The Season Finale That Never Was: Creative Platypus

It all started with a whiteboard doodle during a brainstorm session in study hall. We were experimenting with pitches.  Suddenly, the room synergized and a story began rolling out with the force of a freight train. We had an idea -a great idea.

How often do our thoughts come back to us with an alienated majesty? We discard them because they are our thoughts.

Reading Ralph Waldo Emerson's Self Reliance with my students this year, this passage struck me with the force of that freight train. Do I distrust my own thoughts simply because they are mine and not some paid authority? In a democratic nation, creators crave the votes of the masses; votes in the form of dollars. As the 51% (hoi poloi) become the arbiters of Right and Wrong, so the Paid Position tells us what is worthy (to agathon) and unworthy (to kakon) of our attention.
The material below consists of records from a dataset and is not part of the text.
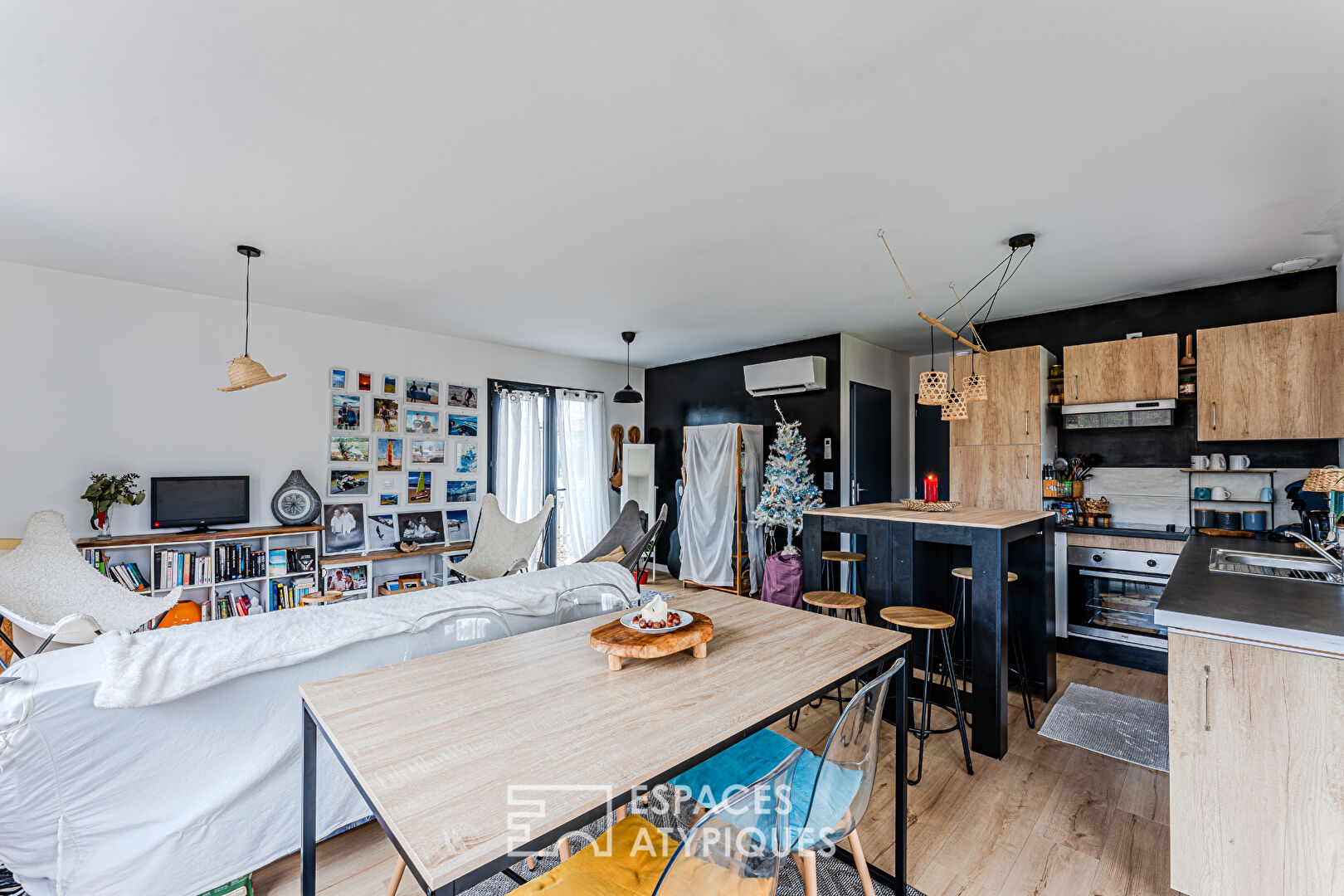 Maison contemporaine et sa double habitation en lisière de nature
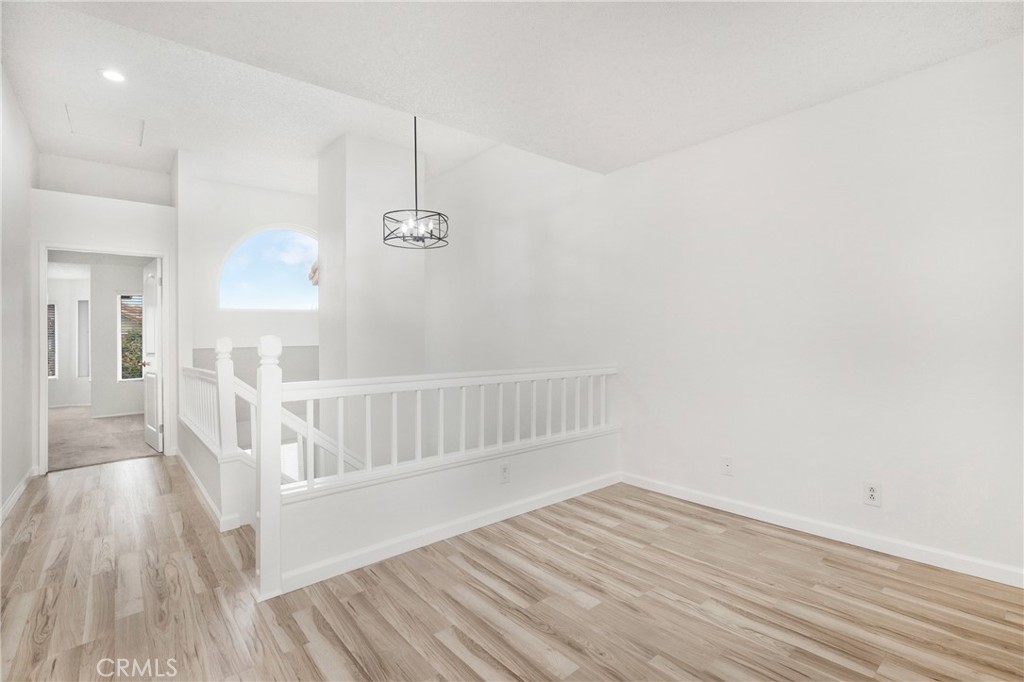 MLS #OC25225360 image #17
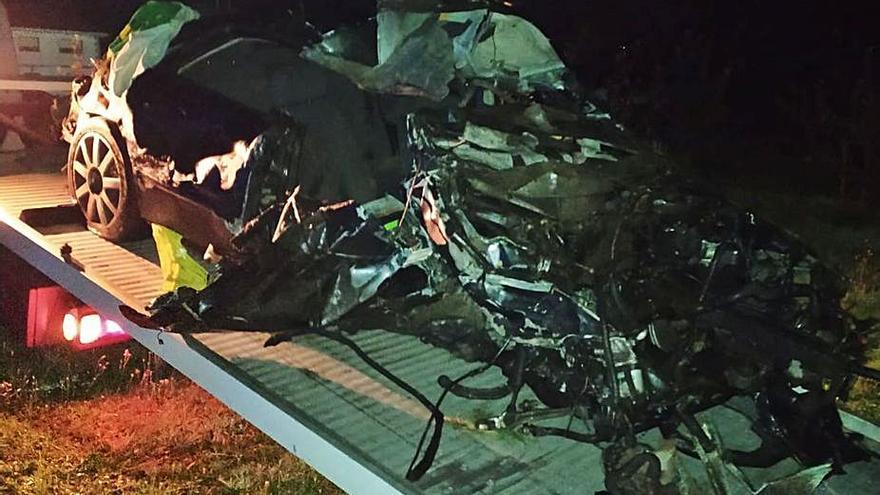 Imagen del amasijo de hierros al que quedó reducido el coche en el que viajaba el joven estradense fallecido.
Plato taught that we do evil through lack of knowledge. No person would knowingly choose the bad since the bad would inevitably harm themselves in the end. Aristotle broke with the master by pointing out that we often do evil through weakness of will. In the same way, perhaps we do not always discard our thoughts because they are ours. Perhaps we also discard them because we lack the will, or the skill, or the power to carry them out.

So here we are. Bad Nun: a whiteboard doodle, a few sketches, and nothing more.